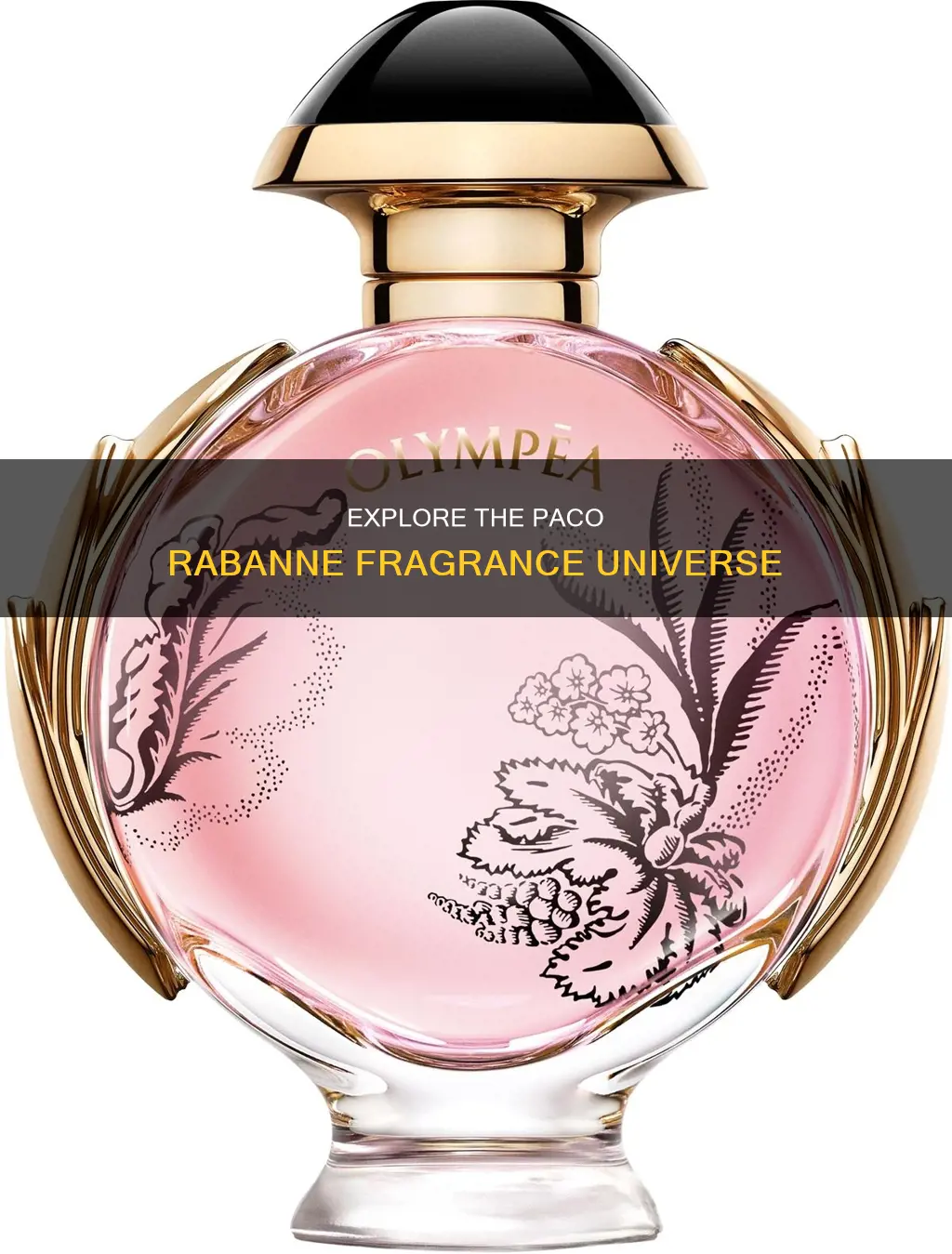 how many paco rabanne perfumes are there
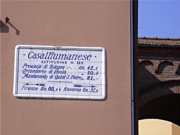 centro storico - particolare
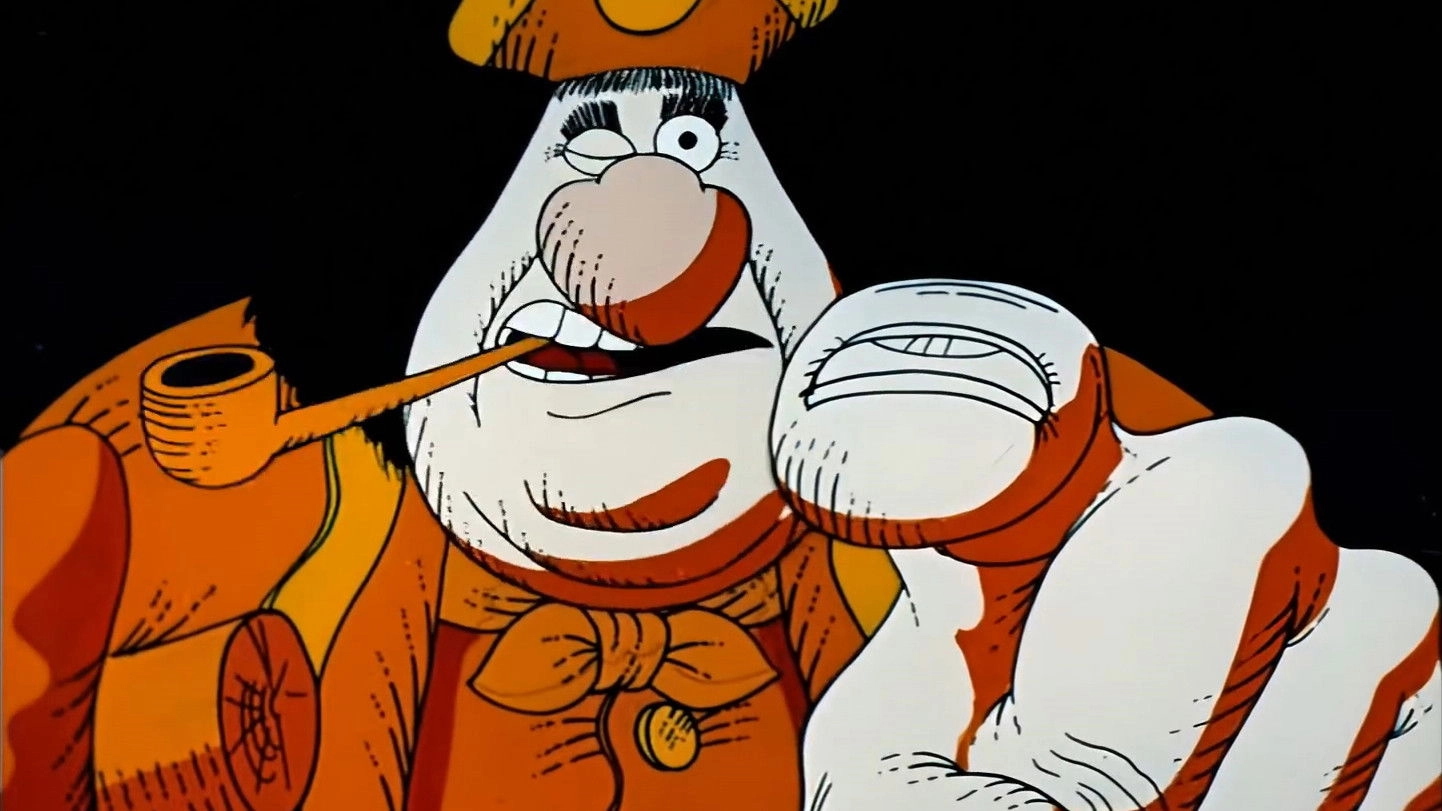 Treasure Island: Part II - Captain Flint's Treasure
------------------------------------------------------------
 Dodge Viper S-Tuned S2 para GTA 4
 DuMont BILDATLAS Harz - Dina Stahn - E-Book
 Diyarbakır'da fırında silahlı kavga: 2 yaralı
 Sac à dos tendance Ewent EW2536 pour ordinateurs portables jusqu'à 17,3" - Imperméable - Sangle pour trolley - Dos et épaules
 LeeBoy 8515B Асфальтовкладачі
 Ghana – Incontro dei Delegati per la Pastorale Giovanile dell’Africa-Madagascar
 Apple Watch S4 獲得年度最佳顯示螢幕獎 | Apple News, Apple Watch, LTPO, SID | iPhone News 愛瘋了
------------------------------------------------------------
• WHAT IS NEEDED: The lines above starting at the one that holds "centro storico - particolare" and ending at the one that holds "Treasure Island: Part" are to be written out exactly, ends included, and no pictures are to be copied.

• TASK OUTPUT:
 centro storico - particolare
 Treasure Island: Part II - Captain Flint's Treasure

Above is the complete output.